When the hospital returned to its regular activities in early 2021, the upgrades made to treat COVID-19—replacing the 33-bed inpatient ward with 40 individual isolation rooms, for instance—proved useful for post-operative care.

“The isolation rooms made sense when we were treating COVID-19 patients, but these are also very useful for our regular activities,” said Capileno. “Many patients admitted to the post-operative care hospital arrive with multidrug-resistant [bacterial] infections, and antibiotic resistance is a problem throughout the country, so ‘contact precautions’ are fundamental. Patients with multidrug-resistant infections are given single rooms, rather than staying in open-plan wards, to avoid the spread of infection to other patients and medical staff.”

MSF also built two additional operating theaters to make room for advanced surgery. “At the beginning of 2021 we expanded the admission criteria,” said Capileno. “Now we treat a variety of cases ranging from fractures requiring fixation, complex fractures, corrective surgery, all types of chronic osteomyelitis [bone infections], and medical complications associated with amputation.”

Since the beginning of 2021, MSF teams have conducted more than 400 surgical interventions and provided more than 2,600 consultations to patients in the outpatient department. We also provide mental health services, health promotion, and physiotherapy for patients coming to the hospital.

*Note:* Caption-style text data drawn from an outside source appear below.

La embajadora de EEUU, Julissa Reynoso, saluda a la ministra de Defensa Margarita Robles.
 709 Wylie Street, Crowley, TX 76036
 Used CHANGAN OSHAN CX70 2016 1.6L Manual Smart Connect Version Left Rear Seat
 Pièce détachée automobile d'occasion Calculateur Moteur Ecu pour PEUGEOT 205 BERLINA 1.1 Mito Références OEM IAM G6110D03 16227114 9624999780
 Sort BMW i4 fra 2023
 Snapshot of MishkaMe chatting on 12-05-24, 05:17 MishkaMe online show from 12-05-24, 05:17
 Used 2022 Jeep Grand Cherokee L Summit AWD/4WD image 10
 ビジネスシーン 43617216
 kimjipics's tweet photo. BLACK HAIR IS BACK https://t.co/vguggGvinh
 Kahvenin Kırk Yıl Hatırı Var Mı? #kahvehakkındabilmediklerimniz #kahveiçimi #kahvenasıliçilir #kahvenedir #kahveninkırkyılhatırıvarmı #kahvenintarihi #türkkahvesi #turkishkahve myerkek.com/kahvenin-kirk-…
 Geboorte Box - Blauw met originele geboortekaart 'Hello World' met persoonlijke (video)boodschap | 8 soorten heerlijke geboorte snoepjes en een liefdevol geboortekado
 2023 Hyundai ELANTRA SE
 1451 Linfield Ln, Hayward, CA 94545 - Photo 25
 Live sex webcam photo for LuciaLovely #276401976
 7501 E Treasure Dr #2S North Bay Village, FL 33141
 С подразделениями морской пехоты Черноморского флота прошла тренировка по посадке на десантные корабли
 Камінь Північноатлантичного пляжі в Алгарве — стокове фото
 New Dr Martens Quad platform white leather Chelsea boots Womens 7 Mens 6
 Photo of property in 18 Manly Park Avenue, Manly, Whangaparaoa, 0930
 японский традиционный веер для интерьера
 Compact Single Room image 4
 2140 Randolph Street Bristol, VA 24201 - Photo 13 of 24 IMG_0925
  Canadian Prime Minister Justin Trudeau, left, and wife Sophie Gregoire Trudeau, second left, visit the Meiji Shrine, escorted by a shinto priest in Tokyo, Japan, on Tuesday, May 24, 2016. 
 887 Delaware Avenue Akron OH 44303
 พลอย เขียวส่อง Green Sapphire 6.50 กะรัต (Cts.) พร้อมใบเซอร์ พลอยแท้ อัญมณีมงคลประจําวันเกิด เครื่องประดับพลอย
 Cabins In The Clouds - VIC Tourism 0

“Patients staying at our facility often tell us that they don’t know what they would have done if we weren’t here,” said Capileno. “By adapting and expanding our activities, we hope to serve even more people in Mosul and to continue offering relevant medical services for the people who need it.”

To support the recovery of the health system in Mosul, MSF also provides comprehensive and basic maternity services in the city. In June 2017, MSF opened Nablus hospital in western Mosul to provide safe, high quality, and free maternal and neonatal care in a part of the city where the community and the health system continue to struggle. In July 2019, MSF opened a smaller facility at Al Rafadain Primary Health Care Center, also in western Mosul, to provide routine obstetric and neonatal care and offer a safe place to deliver babies. Combined, these two facilities welcomed more than 11,500 babies in 2020. Our teams also provide high quality care to sick and premature newborns, family planning services, and gynecological consultations.